Letters to the Editor — Our readers write
Posted: Wednesday, November 12, 2008 9:28 pm
To the Editor:
For 29 years, Marilyn Blevins has been employed at the Union City Post Office and has been our rural mail carrier.
A few months ago our mail was not being delivered as it has been in the past, for instance, wrong mail in our box and different delivery times. As a concerned customer, I called the post office to inquire about this.
When asked if Marilyn had quit, retired or was ill, I was told she just wasn’t there and offered no explanation. I decided to call Marilyn and she told me she had been dismissed. It is my understanding that a long-time customer had asked her to fill out a change of address form for his disabled father’s mail to be delivered to his box instead. Evidently, this is considered a criminal act and subject for dismissal.
Maybe Marilyn did break a postal rule, but I hardly think it was a reason for such harsh punishment. After all, she was only doing a favor for a customer and had nothing to gain for herself by doing it.
She has been off work for five months without pay or benefits. I wrote the postmaster a letter asking for an explanation and to let her know her customers were upset.
Since my letter was never acknowledged, I called the postmaster to ask what we as customers could do to get Marilyn reinstated as our carrier. She offered no explanation and I was told it was against company policy to reveal any information.
Thankfully, last week Marilyn returned to her job and I’m not exactly sure who to thank for this but more than likely it was the postal union.
My question is why this could not have been resolved sooner and on a local level. Marilyn has a personal relationship with a lot of her customers and is highly respected. I think this should count for something and she should be compensated for her loss. If you are fortunate to have Marilyn as your rural mail carrier, I urge you to let her know how much she is appreciated.
Better still, call the postmaster or her supervisor and express your views. Welcome back, Marilyn; your customers missed you.
Time to cut pork
To the Editor:
People outside the city limits lived without fire protection for decades and suddenly we must have it. At least that’s the way some think.
The bottom line is that if you live in the county — other than in a subdivision — and your home is on fire, the only thing the fire department will save is the foundation. If you live in a county subdivision, the fire department may arrive in time to save the house beside the one on fire.
Those who live without close neighbors see all this as an unnecessary expense; we can save our own foundation.
Still, it seems we’re bent on having some sort of “fire protection” because a few just can’t do without it.
Finally, someone is actually calling rural fire protection funding a “tax.” That’s been my argument all along but others disagreed. They claimed the subscription was voluntary, all the while threatening to turn in those who didn’t subscribe to the insurance companies.

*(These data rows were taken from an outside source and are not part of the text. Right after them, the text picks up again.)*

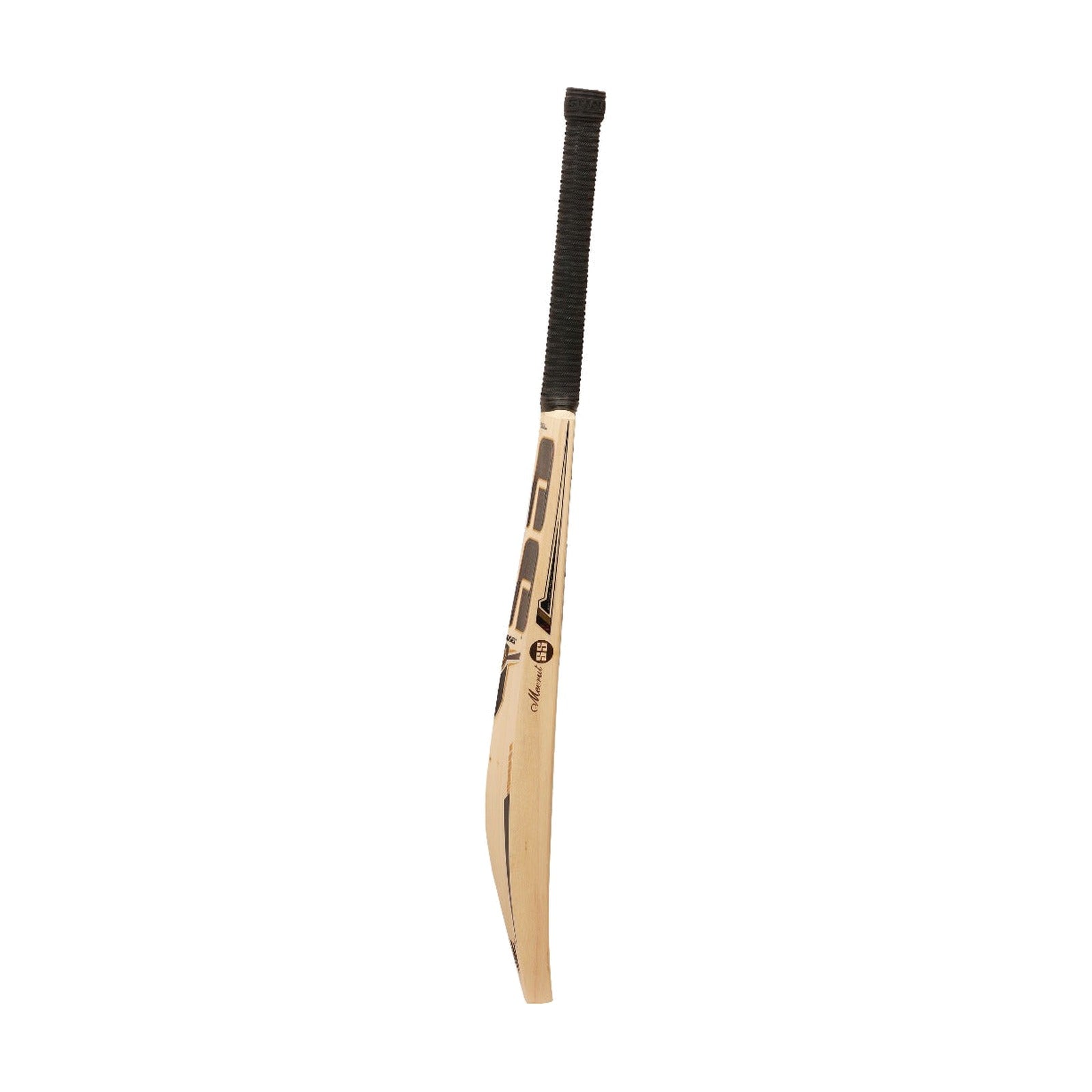 SS Sword Pro cricket bat (view 3)
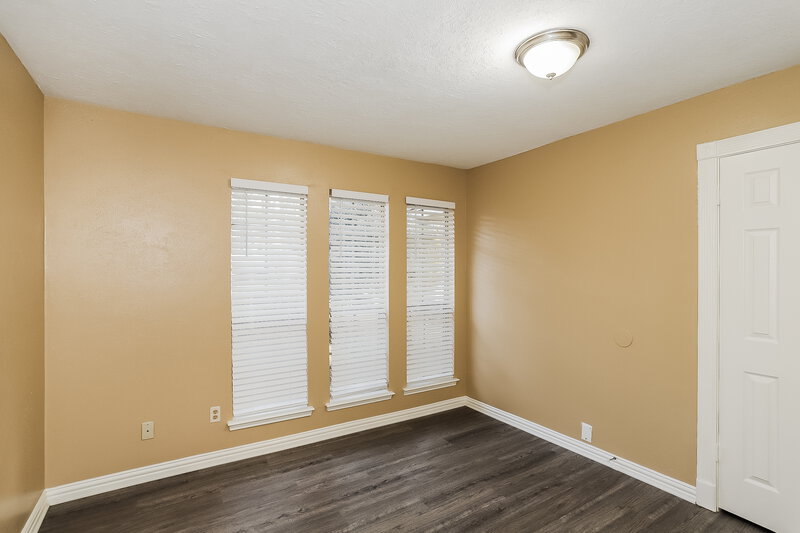 1,855/Mo, 23331 Bayleaf Dr Spring, TX 77373 Bedroom View 6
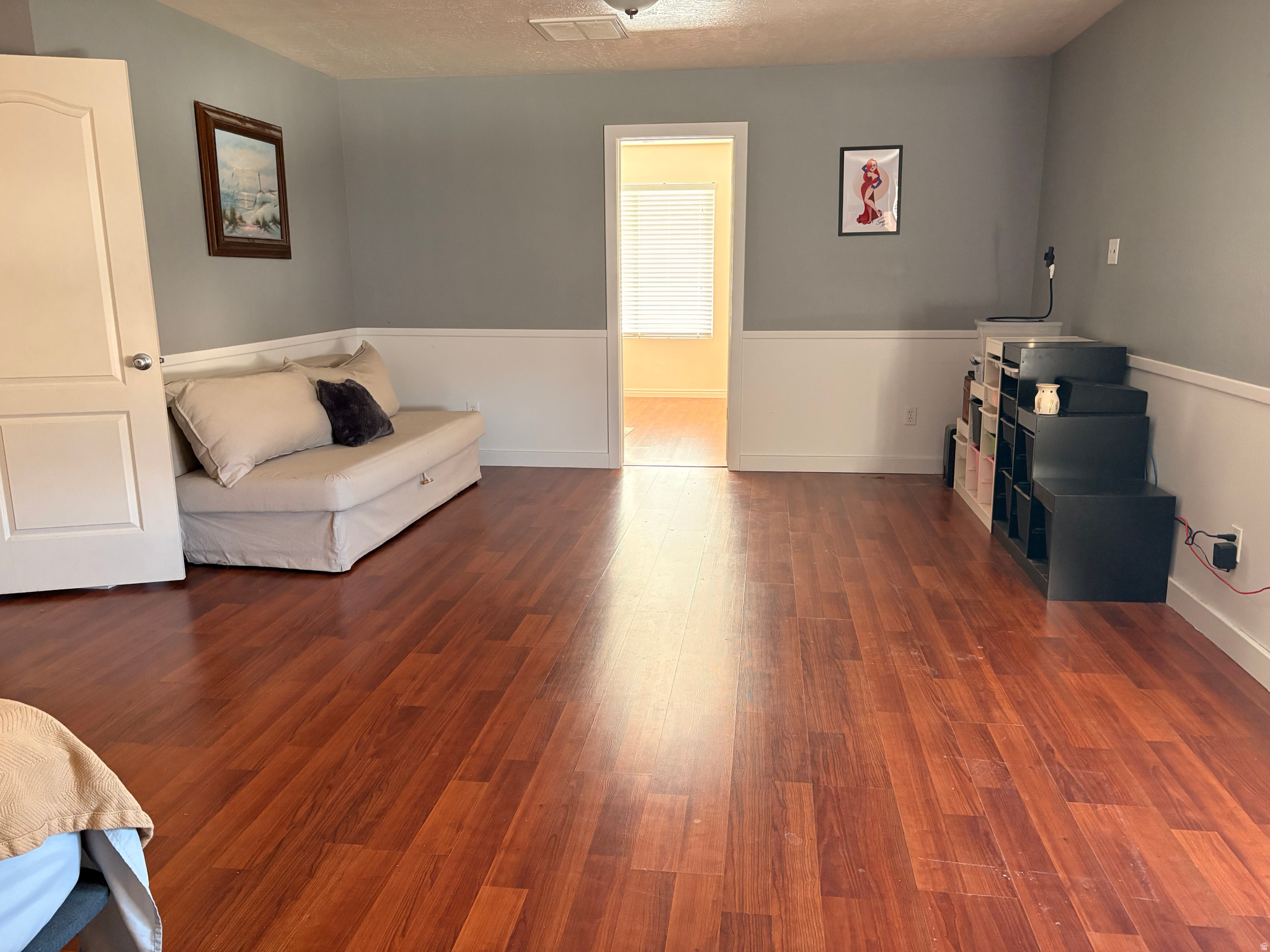 PIONEER ADDITION PHASE VB - Residential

For those on the committee and for the county commission, I have this to say to you: If we’re going to have a county fire department, let’s have a full-time county fire department backed by volunteers.
Additionally, before we add another tax on the citizens of Obion County, find something to cut out or a tax to repeal. Let’s not add to the tax burden of the citizens.
I cannot overemphasize that all governments — city, county, state and federal — have overspent for decades and are now so deep in debt they can hardly get their noses above the water. Many have to use “creative financing” to survive at all. This, too, will drown them one day.
For those who don’t follow the economic analysis consider this — recently the federal government has been bailing out major insurance companies and banks. Now, the insurance companies are coming back for more and the automakers are begging for federal monetary help. Doesn’t this tell you anything?
We, the people of America, have been putting off the inevitable for the past few decades and now reality has smacked us in the face and we’re almost to the point of an economic depression.
It is time for accountability and responsible program management at all levels of government.
A county fire department sounds good. Can we afford it without adding more burden on the citizen?
Can our officials find a better way to fund what is desired without adding another tax? Is there some social program we can do without that would pay or help pay for a “needed” program?
Committee, commissioners, Mr. County Mayor, it is time to either cut the pork or forget the seemingly necessary county fire department.